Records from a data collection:
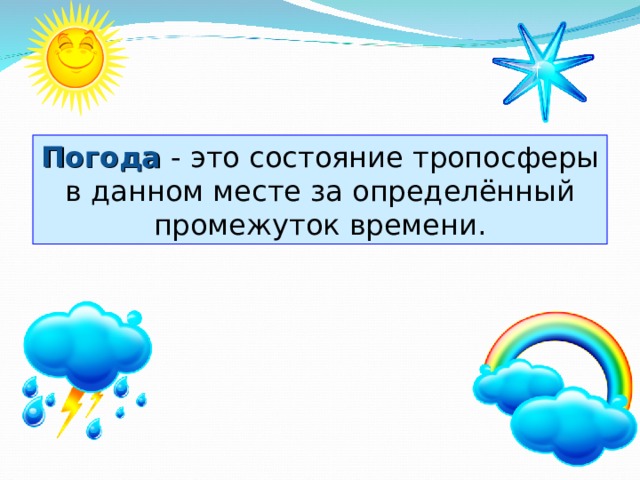 Погода  - это состояние тропосферы в данном месте за определённый промежуток времени. 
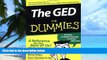 Big Deals  The GED For Dummies (For Dummies (Lifestyles Paperback))  Free Full Read Most Wanted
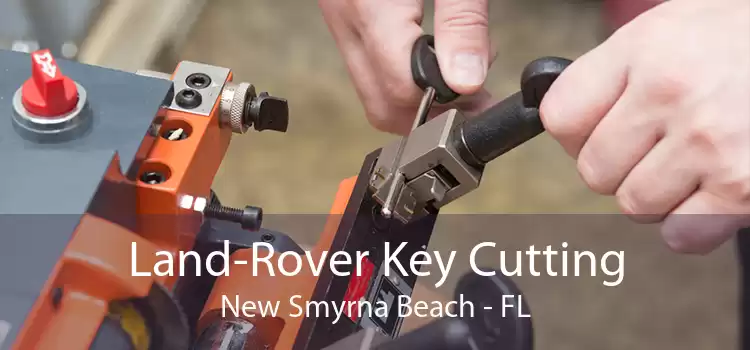 Land-Rover Key Cutting New Smyrna Beach - FL
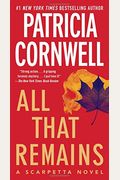 All That Remains (Kay Scarpetta)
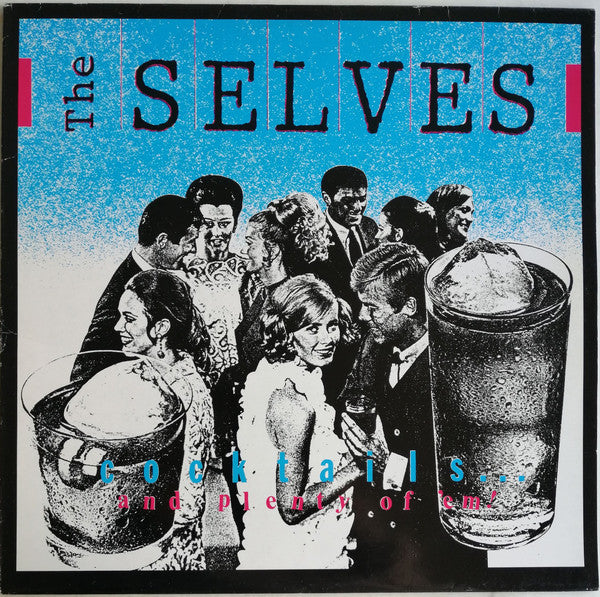 The Selves : Cocktails... And Plenty Of 'Em! (LP, Album)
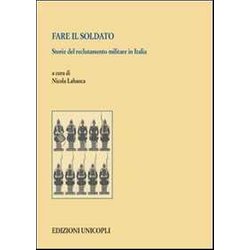 Fare Il Soldato. Storie Del Reclutamento Militare In Italia Fare Il Soldato. Storie Del Reclutamento Militare In Italia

-- Work instructions --
What's needed is an exact copy of every entry, minus the pictures.

-- Exercise response --
 Погода  - это состояние тропосферы в данном месте за определённый промежуток времени. 
 Big Deals  The GED For Dummies (For Dummies (Lifestyles Paperback))  Free Full Read Most Wanted
 Land-Rover Key Cutting New Smyrna Beach - FL
 All That Remains (Kay Scarpetta)
 The Selves : Cocktails... And Plenty Of 'Em! (LP, Album)
 Fare Il Soldato. Storie Del Reclutamento Militare In Italia Fare Il Soldato. Storie Del Reclutamento Militare In Italia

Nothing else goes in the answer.